11 Text processing with regex

11.1 Regex syntax

11.1.1 Why regexes?

This chapter deals with processing data in textual form: character data.
When working with text, you really need to be able to work with regular expressions. That is why these are dealt with first, together with the base R regex functions. After that the functions from the stringr package are discussed.

It is easy enough to look for the word “Chimpanzee” in a vector containing animal species names:

animals = c("Chimpanzee", "Cow", "Camel")
animals == "Chimpanzee"

## [1]  TRUE FALSE FALSE

but what are you going to do if there are multiple variants of the word you are looking for? This?

animals = c("Chimpanzee", "Chimp", "chimpanzee", "Camel")
animals == "Chimpanzee" | animals == "Chimp" | animals == "chimpanzee"

## [1]  TRUE  TRUE  TRUE FALSE

The solution here is not using literals, but to describe patterns.

Look at the above example. How would you describe a pattern that would correctly identify all Chimpanzee occurrences?

Is you pattern something like this?

A letter C in upper-or lower case followed by ‘himp’ followed by nothing or ‘anzee’

In programming we use regular expressions or RegEx to describe such a pattern in a formal concise way:

[Cc]himp(anzee)?

And to apply such a pattern in R, we use one of several functions dedicated for this task. Here is one, grepl(), which returns TRUE if the regex matched the vector element.

grepl("[Cc]himp(anzee)?", animals)

## [1]  TRUE  TRUE  TRUE FALSE

Pattern matching is the process of finding, locating, extracting and replacing patterns in character data that usually cannot be literally described.

Base functions using regex

There are several base R functions dedicated to finding patters in character data. They differ in intent and output.

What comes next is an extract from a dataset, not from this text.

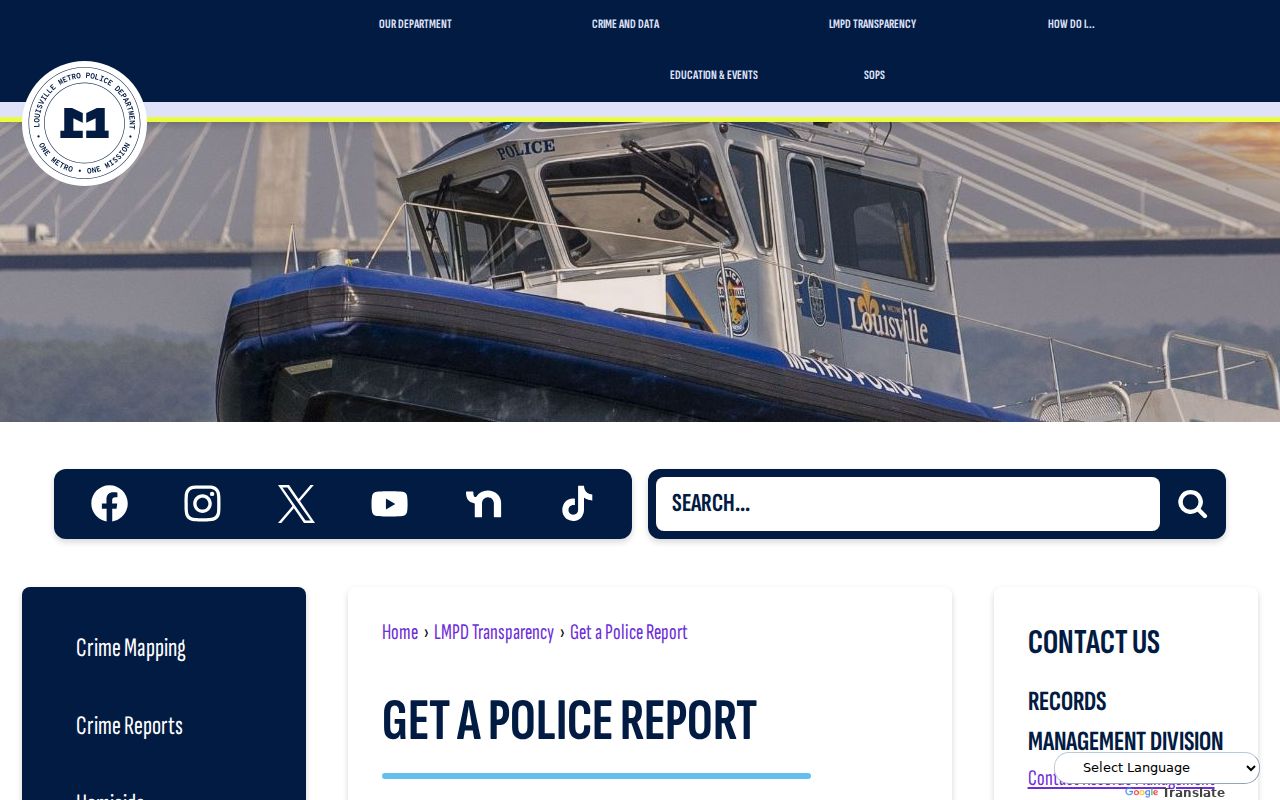 Louisville criminal history police report request service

Later, the stringr counterparts will be discussed.

finding Does an element contain a pattern (TRUE/FALSE)? grepl(pattern, string)
locating Which elements contain a pattern (INDEX)? grep(pattern, string)
extracting Get the content of matching elements grep(pattern, string, value = TRUE)
replace Replace the first occurrence of the pattern sub(pattern, replacement, string)
replace all Replace all occurrences of the pattern gsub(pattern, replacement, string)

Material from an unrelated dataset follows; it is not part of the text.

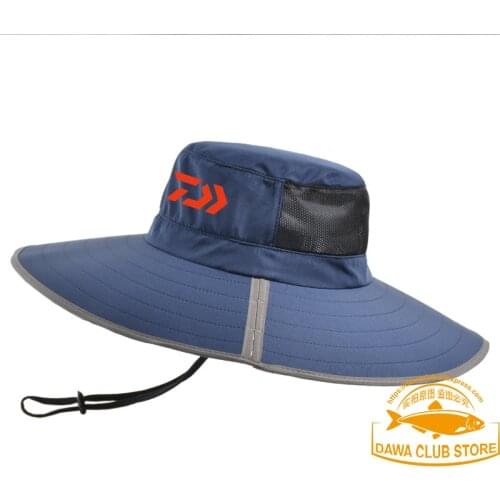2021 Daiwa Brand Big Brim Fishing Hat Summer Outdoor Mountaineering Hat Anti-UV Cap Waterproof Sports Big Brim Foldable Hat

Note that the stringr package from the tidyverse has many user-friendly functions in this field as well. Two of them will be dealt with in the exercises.

11.1.2 Regex components

A regular expression can be build out of any combination of

character sequences - Literal character sequences such as ‘chimp’
character classes - A listing of possibilities for a single position.
- Between brackets: [adgk] means ‘a’ or ‘d’ or ‘g’ or ‘k’.
- Use a hyphen to create a series: [3-9] means digits 3 through 9 and [a-zA-Z] means all alphabet characters.
- Negate using ^. [^adgk] means anything but a, d, g or k.
- A special case is the dot .: any character matches.
- Many special character classes exist (digits, whitespaces etc). They are discussed in a later paragraph.
alternatives - Are defined by the pipe symbol |: “OR”
quantifiers - How many times the preceding block should occur. See next paragraph.
anchors - ^ means matching at the start of a string. $ means at the end.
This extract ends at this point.